Dobbiamo riscrivere il senso della vita in un contesto evoluzionistico e cosmico. Il geocentrismo, l’eliocentrismo, il centrismo della Via Lattea, sono nulla se li confrontiamo con il cosmocentrismo, vale a dire con miliardi di galassie e miliardi di stelle con miliardi di pianeti che girano loro attorno. Che senso può avere la vita di un essere umano in un tale ammasso di materia in perpetua fusione e trasformazione? Può la vita avere un senso in questa prospettiva cosmica? Il senso che noi diamo alle cose, alla vita, non è altro che una fabbricazione della mente. Senza una nostra abilità di trascendere le cose e di trascenderci, il senso non esisterebbe. Per gli animali, per quello che ne sappiamo, il senso, infatti, non esiste. Hanno una direzione ma non un senso. Il senso è un’invenzione degli uomini come lo sono dio, il nirvana, l’ade. La vita ha tutt’al più un senso locale, limitato, circoscritto, qui e ora.

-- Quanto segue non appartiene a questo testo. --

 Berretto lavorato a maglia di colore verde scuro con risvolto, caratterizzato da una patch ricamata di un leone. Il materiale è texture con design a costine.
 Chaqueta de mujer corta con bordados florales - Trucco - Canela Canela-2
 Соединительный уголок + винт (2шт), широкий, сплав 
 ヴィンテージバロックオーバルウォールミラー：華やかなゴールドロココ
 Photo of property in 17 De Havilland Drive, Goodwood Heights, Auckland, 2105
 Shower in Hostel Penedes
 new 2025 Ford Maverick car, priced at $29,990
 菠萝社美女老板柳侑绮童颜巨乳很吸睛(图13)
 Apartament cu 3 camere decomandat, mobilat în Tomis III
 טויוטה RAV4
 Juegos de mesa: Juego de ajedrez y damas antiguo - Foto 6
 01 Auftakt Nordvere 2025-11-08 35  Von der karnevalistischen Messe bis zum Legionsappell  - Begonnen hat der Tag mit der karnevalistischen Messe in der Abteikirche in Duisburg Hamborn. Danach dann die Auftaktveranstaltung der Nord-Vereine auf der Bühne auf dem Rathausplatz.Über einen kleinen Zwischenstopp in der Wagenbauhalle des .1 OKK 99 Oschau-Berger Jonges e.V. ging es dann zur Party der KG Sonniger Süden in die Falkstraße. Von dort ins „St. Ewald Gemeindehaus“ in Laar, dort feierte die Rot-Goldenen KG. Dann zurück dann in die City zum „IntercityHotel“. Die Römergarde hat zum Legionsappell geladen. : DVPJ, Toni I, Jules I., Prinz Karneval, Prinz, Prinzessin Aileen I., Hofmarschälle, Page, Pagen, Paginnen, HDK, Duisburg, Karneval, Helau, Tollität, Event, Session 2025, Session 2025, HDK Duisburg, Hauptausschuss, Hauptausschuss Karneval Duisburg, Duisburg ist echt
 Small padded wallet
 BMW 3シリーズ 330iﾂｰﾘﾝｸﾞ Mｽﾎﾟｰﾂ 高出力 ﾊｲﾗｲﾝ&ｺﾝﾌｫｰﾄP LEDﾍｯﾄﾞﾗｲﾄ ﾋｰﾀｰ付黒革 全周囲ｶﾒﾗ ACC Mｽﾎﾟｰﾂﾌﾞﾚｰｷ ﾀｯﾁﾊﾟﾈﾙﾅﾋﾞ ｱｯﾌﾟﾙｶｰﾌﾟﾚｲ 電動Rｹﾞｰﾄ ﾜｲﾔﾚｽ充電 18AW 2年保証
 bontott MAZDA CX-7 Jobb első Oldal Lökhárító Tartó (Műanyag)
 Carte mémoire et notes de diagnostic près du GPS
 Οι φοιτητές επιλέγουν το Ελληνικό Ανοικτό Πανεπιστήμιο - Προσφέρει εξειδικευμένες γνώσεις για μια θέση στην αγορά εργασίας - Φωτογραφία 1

Leggi cieche e casuali fanno sì che ogni cosa che nasce nell’universo abbia un destino che dipende da un milione di eventi. Ma c’è una legge, però, una legge a cui nessuno può sottrarsi: quella della finitudine e la finitudine è sempre prematura e indesiderata. L’universo, uno tra i multiversi, è un fenomeno che non si auto-realizza mai. In esso, nascita e distruzione si mescolano in un eterno abbraccio. Noi siamo i figli di questo caos infernale, figli di un prodotto che muore, ma che, nei fatti, non muore mai!

In questo mondo così fatto, allora, ha ancora senso parlare di senso? La nostra risposta è positiva, è sì. Perciò, alla domanda se la vita ha o non ha un senso, rispondiamo: “Sì, ce l’ha, ma solo quello che gli diamo noi in primissima persona.”